The Mastermune Sidequest in Chrono Cross was fun as it was challenging.
High risk, high reward; the damned sword made the rest of the game too easy! x)
Breath of Fire fishing is always wonderful. I actually enjoy fishing myself, so...
Talking to dogs in Tales of Symphonia. Not a real sidequest, but dogs are great....so....
Tales of Graces had this thing with three siblings. I loved the running gag where the woman's chef kept getting taller. But I'm a sucker for running gags....SOO....
Yeah, I'm not giving real answers.
Seriously now:
Wild Arms 3: Super bosses, alien tower bosses, books, millennium puzzle solutions, and fighting dirty magazines. Plus a 100 floor dungeon (that I never attempted because life).
Tales games in general. Though sometimes obnoxiously so with the weird cut offs and dubious rewards. But I admire that most of them are an effort at character/world building nonetheless.
As mush as I hate about 70% of the "sidequest content", FFX's adventure for the sigils were pretty varied and interesting (opposite of FF13 which gives you f*** all to do).

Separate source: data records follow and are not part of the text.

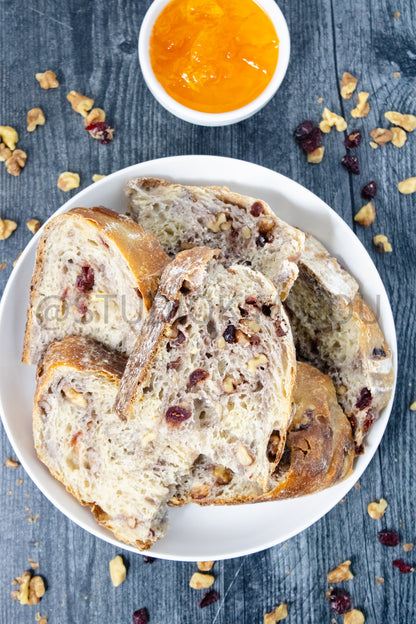 Semi-Exclusive Orange Cranberry Walnut Sourdough on Weathered Wood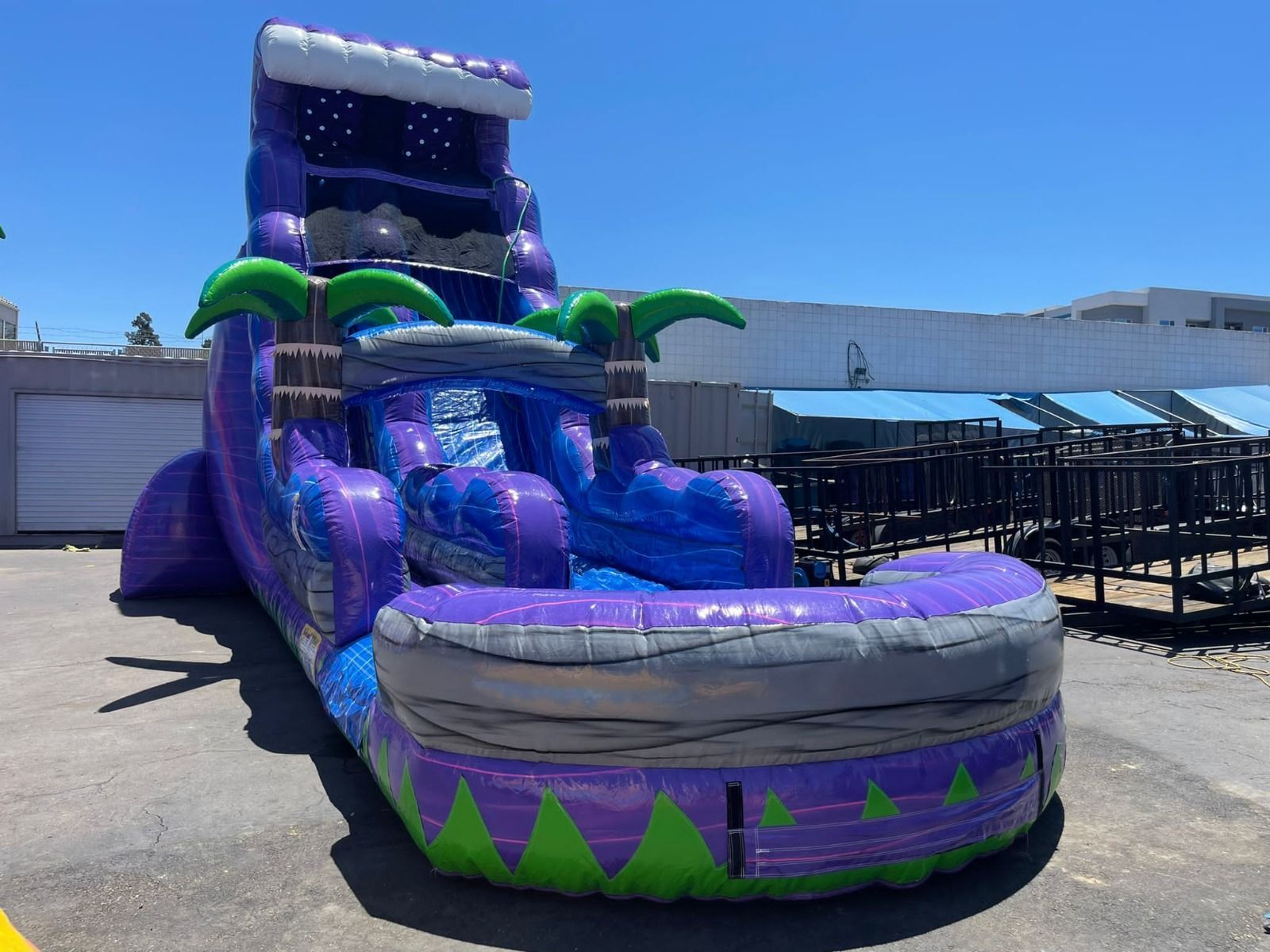 Purple inflatable water slide with green accents in an outdoor parking lot under a clear blue sky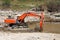 Excavator dredging sediment mud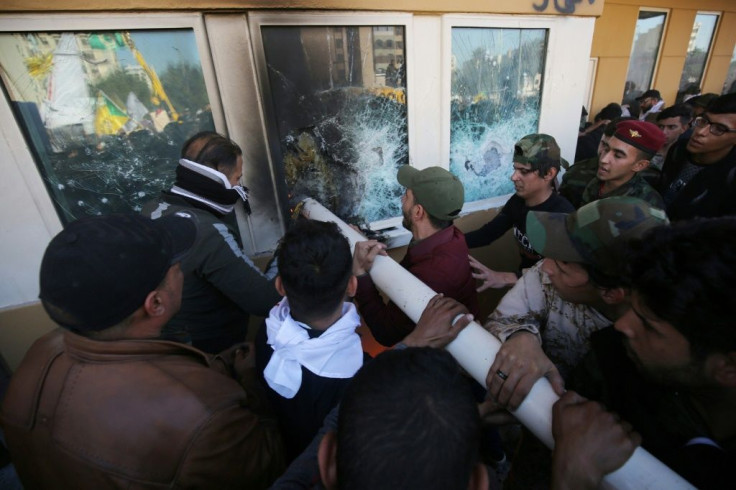 Iraqi protesters attacking the US embassy in Baghdad
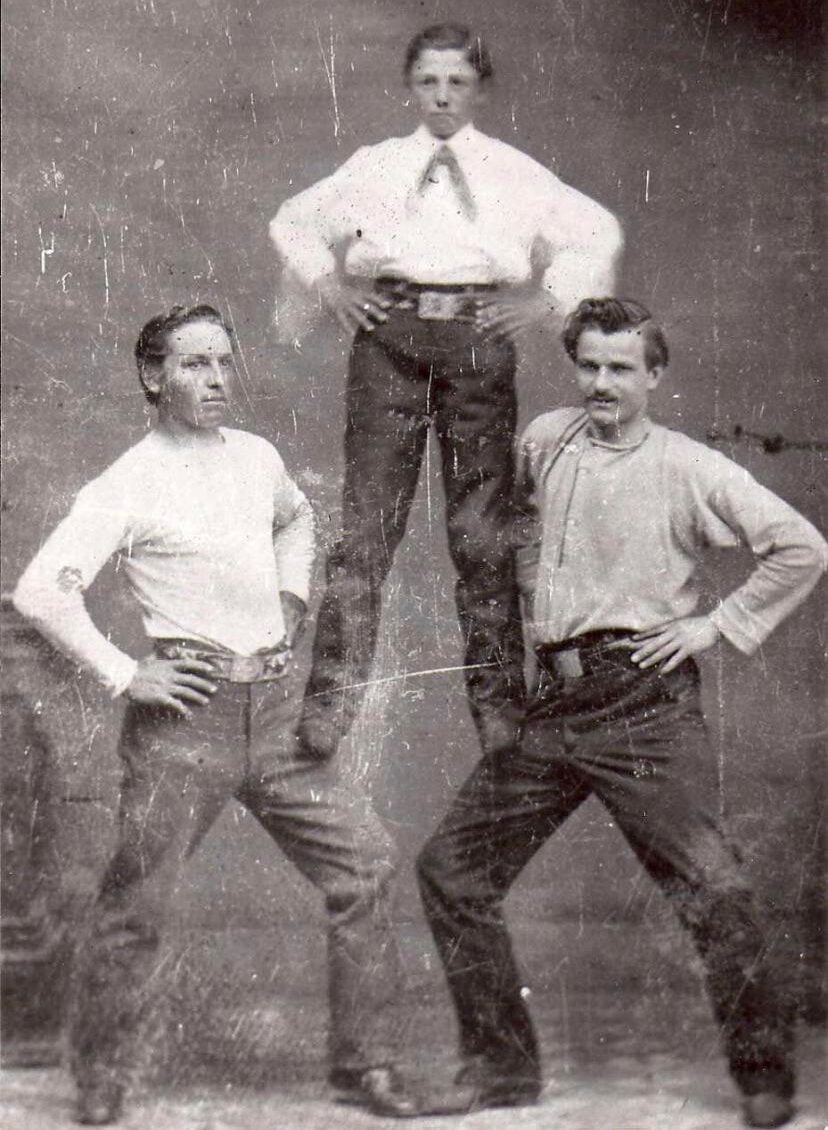 Three men pose in a vintage black-and-white photo; two stand with hands on hips while the third stands balanced atop their thighs, supported by their shoulders. The image appears old and slightly scratched.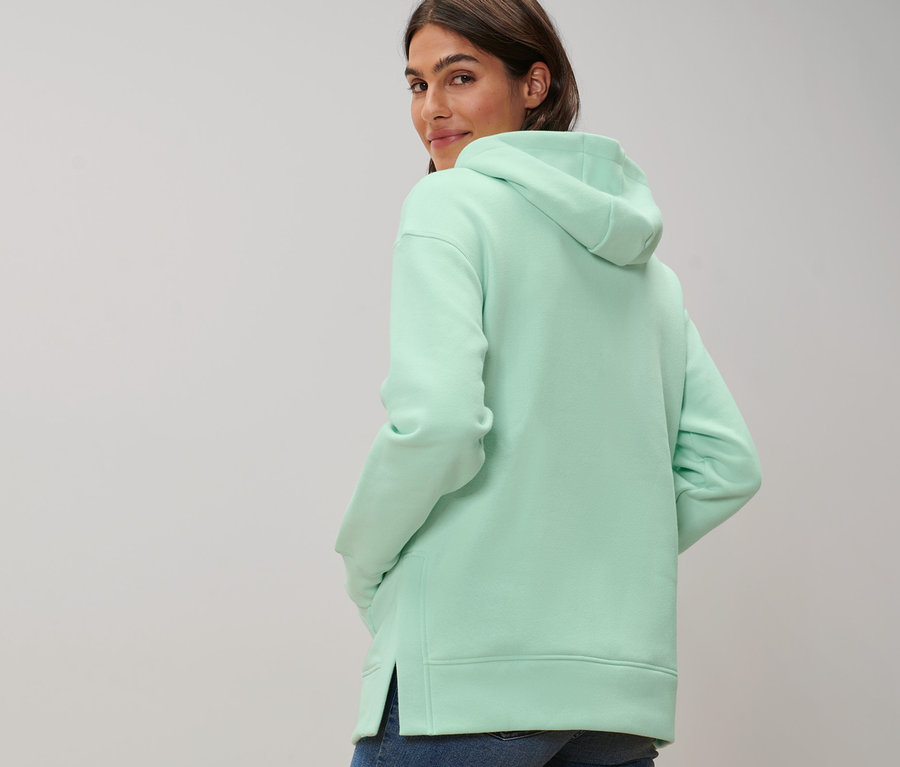 Frau blickt über die Schulter und trägt ein langes Kapuzensweatshirt.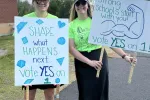 Middleton EA members hold signs outside of the polls encouraging voters to support their contract.
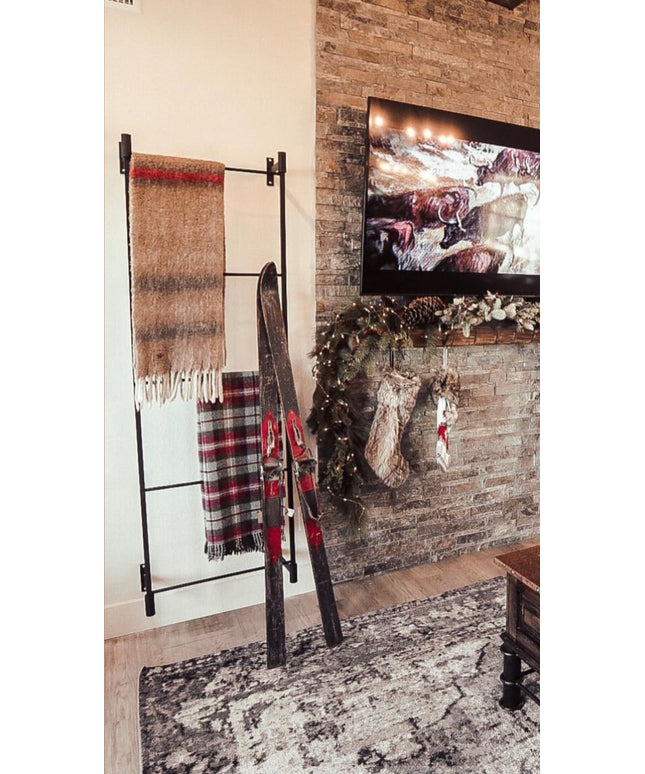Living room with stone fireplace, TV, and Christmas decorations with '#WesternStyle' text.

Baten Kaitos Origins. I thought collecting a "clay village" was cool and weird. I also liked Pacman as an odd nostalgic throwback. It was a pain in the ass, but the rewards were great. The first game also was great for unique "character quests" to tie up loose ends and given you ballin endgame equips.

Zelda games do these pretty well too. Majora's Mask is practically one giant sidequest with your major locations at each of the outer reaches of the map. Chrono Trigger too, technically.
Chocobo Hot/Cold was painfully addictive. Goes up a grade probably just for cool music.
Dumb as it is, Score Pieces in Eternal Sonata were a fantastic idea since they allowed more than one combination.
Does end/post-game Tri-Ace stuff content??? Cave of Tribulations/Ordeals, Seraphic Gate, Sphere 211, the weird-ass distotion corrdidor, Neverland.... I love post-game content to throw a knife in your back when you think you've done well for yourself.